> _WHAT THE TASK ASKS_:
Please copy exactly the part of the records below that opens with the line containing "House for rent in Potters Bar, Hertfordshire" and closes with the line containing "Накладка на порог", leaving out any pictures.

> _AVAILABLE RECORDS_:
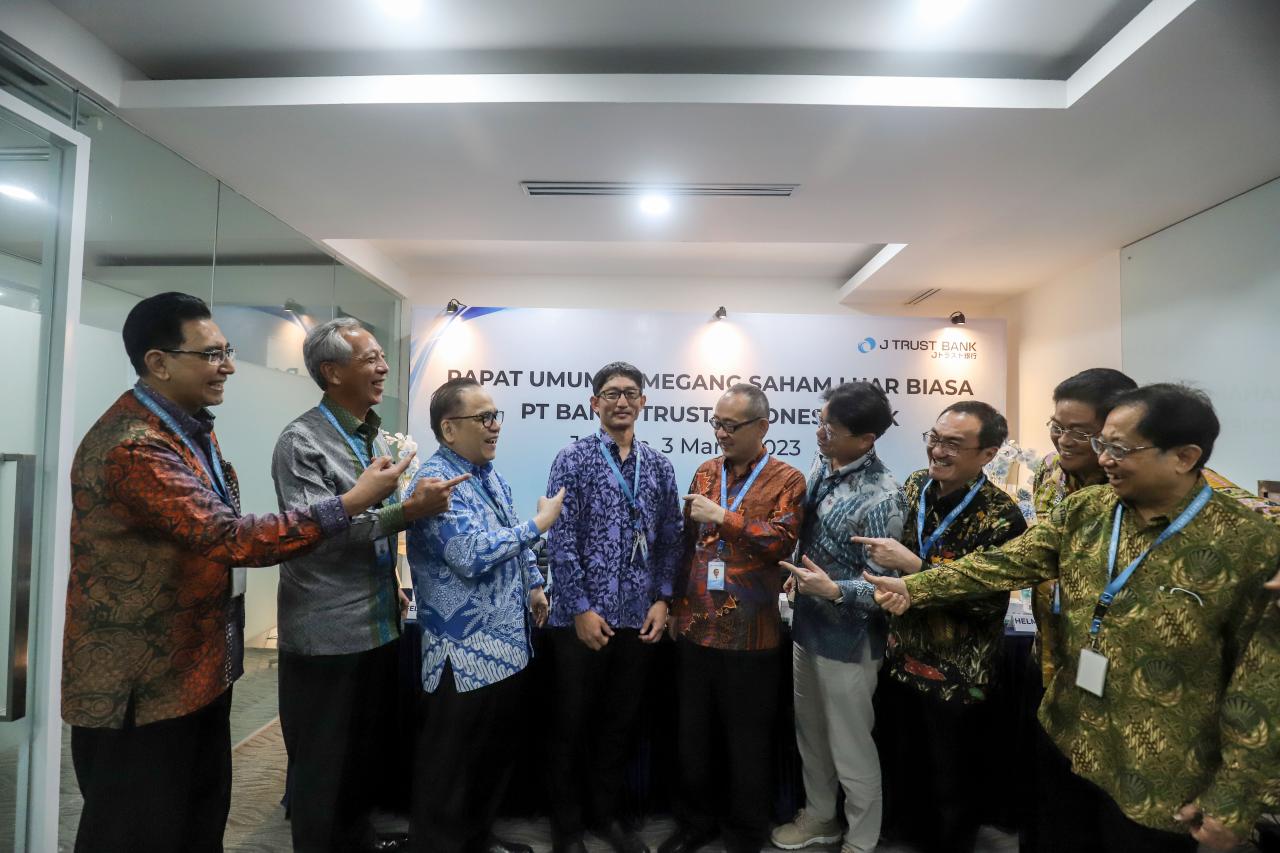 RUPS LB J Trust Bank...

* * *

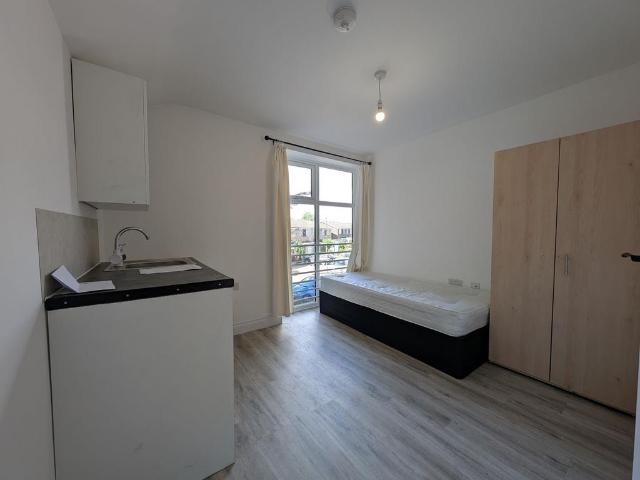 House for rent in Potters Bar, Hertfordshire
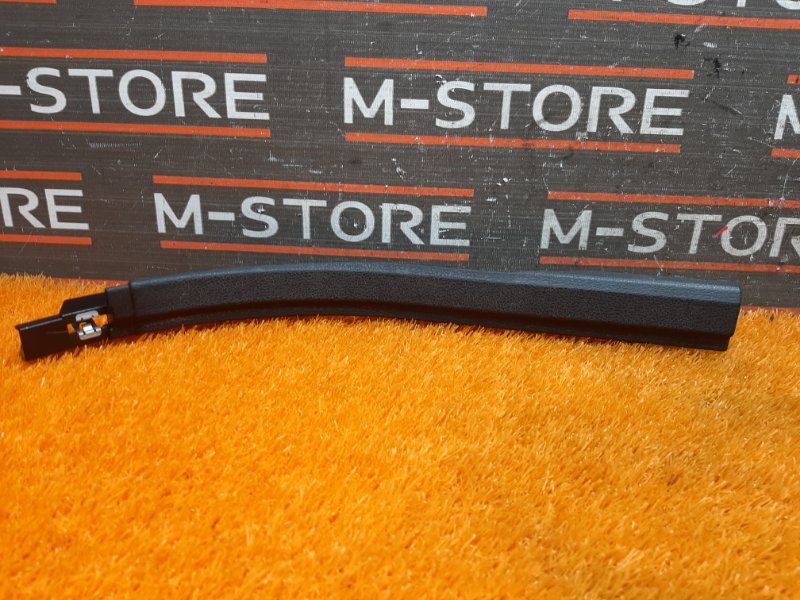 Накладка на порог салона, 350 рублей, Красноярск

---

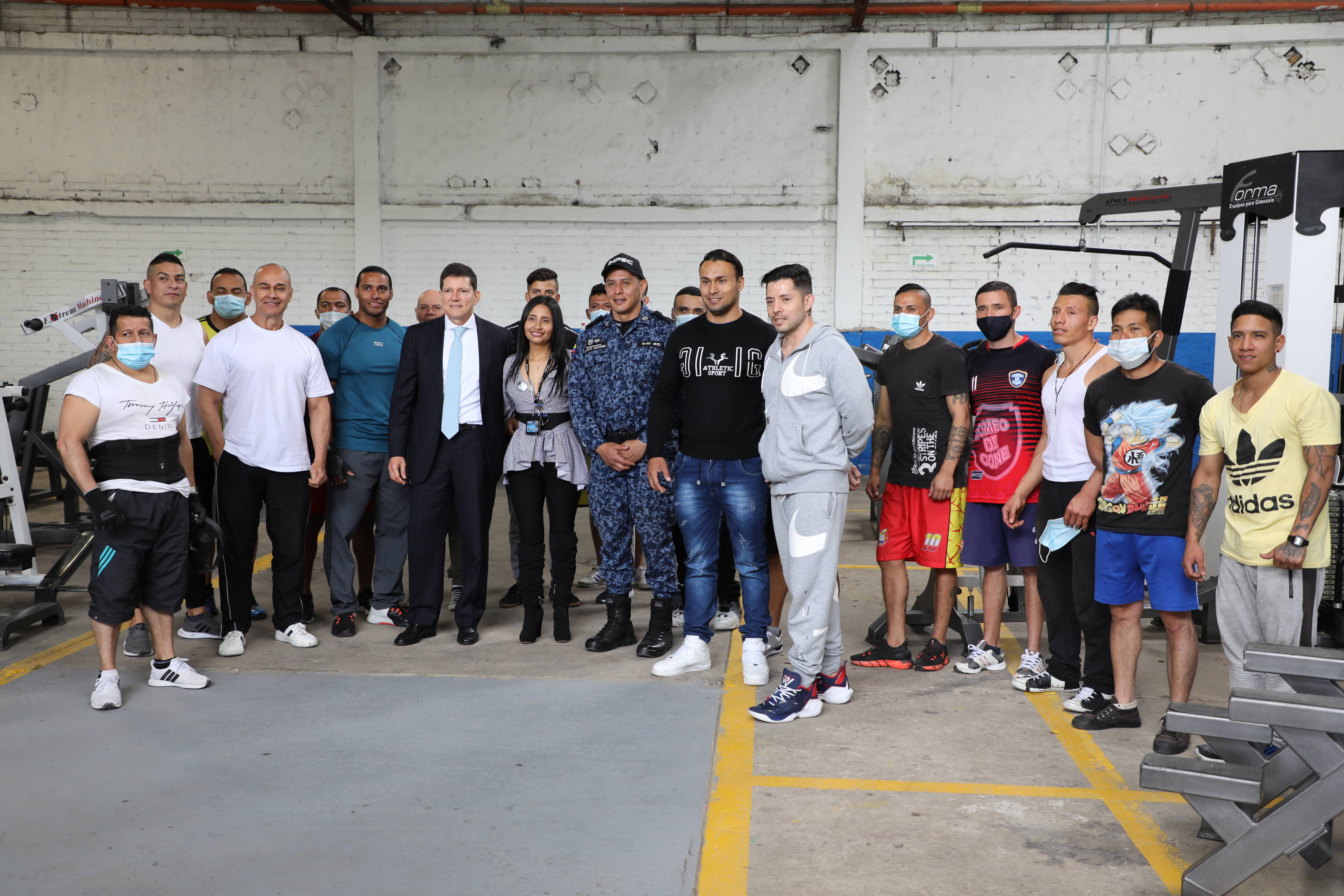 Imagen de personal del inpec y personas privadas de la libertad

> _ANSWER TO THIS EXERCISE_:
 House for rent in Potters Bar, Hertfordshire
 Накладка на порог салона, 350 рублей, Красноярск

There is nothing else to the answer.